I did a 90% water change the other day to start all over again. I use a tap/RO water mix, and had been adding plain RO for evaporation, since there was enough tap water to hold KH and GH around 5 and 10 respectively. After seeing the GH at ZERO I ordered Seachem's equilibrium and am reconstituting the RO water. Just two days after the 90% water change, however, the GH has fallen from 7.5dH to 5dH. KH stays stable, and slightly climbs over time. The tank is between moderate and heavy in its plant mass. Everything is growing well after the water change, except the three echinodorus (rubin, oriental, and uruguayensis), which are slowed down, with twisted and skeletal new leaves.

Since the water change I have used no ferts, until this morning when I added Flourish, per the directions on the bottle. And after just one day I have hair algae and a nice green dust on the glass. Since Flourish contains a little bit of everything, I do not know if the algae is from macros or micros.

So after all this rambling, I am wondering just how much in the way of macros the fish are adding, and how much micros the Flourite is adding from the substrate. Anytime I add ferts, even conservatively, I get algae and the plants don't seem to take it in. Any advice? Thanks very much for reading all this mess.

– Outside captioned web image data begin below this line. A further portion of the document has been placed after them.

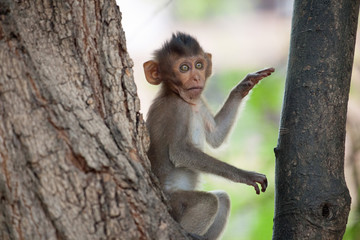 Fototapeta premium 可愛いサル 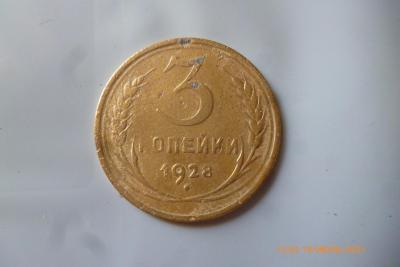 P1090333 (Medium).JPG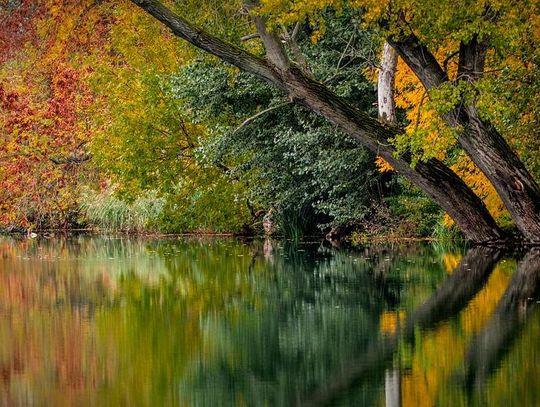 Zimno, ale słonecznie. Sprawdź pogodę na weekend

Because some of you are going to ask, here are the tank specs:

PH 6.8
KH 6
GH 5
Nitrates near zero on my API kit
Phosphates near zero on my API kit
K who knows? No kit
Fe no kit (yet)
Calcium ???
Magnesium ???
Temp between 25c and 27c daily swing


----------



## hoppycalif (Apr 7, 2005)

You are starving the plants. They need nitrates, phosphates, potassium, trace elements and carbon in order to grow. Fish waste and excess fish food can supply some of that, but with good lighting it wont supply nearly enough to keep the plants healthy. And, unless the plants are healthy and growing well you are likely to start growing algae instead.

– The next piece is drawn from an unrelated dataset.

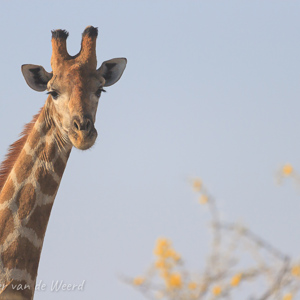 2007-08-20 - Halloooo!!!<br/>Etosha NP - Namibie<br/>Canon EOS 30D - 400 mm - f/5.6, 1/2000 sec, ISO 200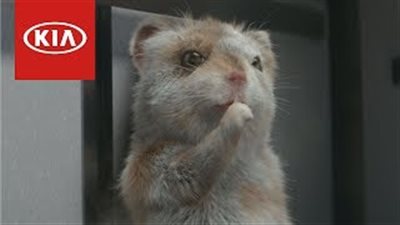  شاهد.. إعلان كوميدي لكيا سول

I suggest picking a fertilizing routine and sticking to it. The flourite substrate isn't part of the fertilizing routine - it is inert.


----------



## sean tebor (May 25, 2007)

*Re: 100% Flourite Substrate and Ferts? (Pics)*

But my plants are growing very well without additional fertz, except for the three echinodorus plants, which are actually looking a bit better today. Remember, I have plenty of CO2. I did not fertilize with Flourish this morning. I feed the fish every other day, conservative to moderate amounts - clean food. I was just reading again in Diana Walstad's book about how much the fish load and food contribute to the fertilization loop. She actually suggests fertz only if the plants show signs of deficiency. My echinodorus plants may have gotten ill due to the crashed GH, which I imagine was due to zero calcium/magnesium. They seem to be recovering slowly, while the rest look very good.

Even Christel Kasselmann suggests being very conservative with fertilizers, and despite my high light, I am trying to get a grip on the whole picture, fishload et al.

Here are some pics (click any to enlarge):

The tank. Sorry for the reflections - it's daytime here in Santa Fe, NM.


The plants are basically fine. You can see the healthy lotus, and R.Macrandra 'Green', HC, and L.Indica.


The E.Oriental - you can see the new leaves are twisted, but seem to be recovering.


Same thing with the E.Rubin, but here you can see the space between the veins is pale. The B.Caroliniana and L.Palustris are fine.


The E.Uruguayensis, which is the worst, but also recovering a bit. You can see the new leaves are a mess, and skeletal.


----------



## Laith (Sep 4, 2004)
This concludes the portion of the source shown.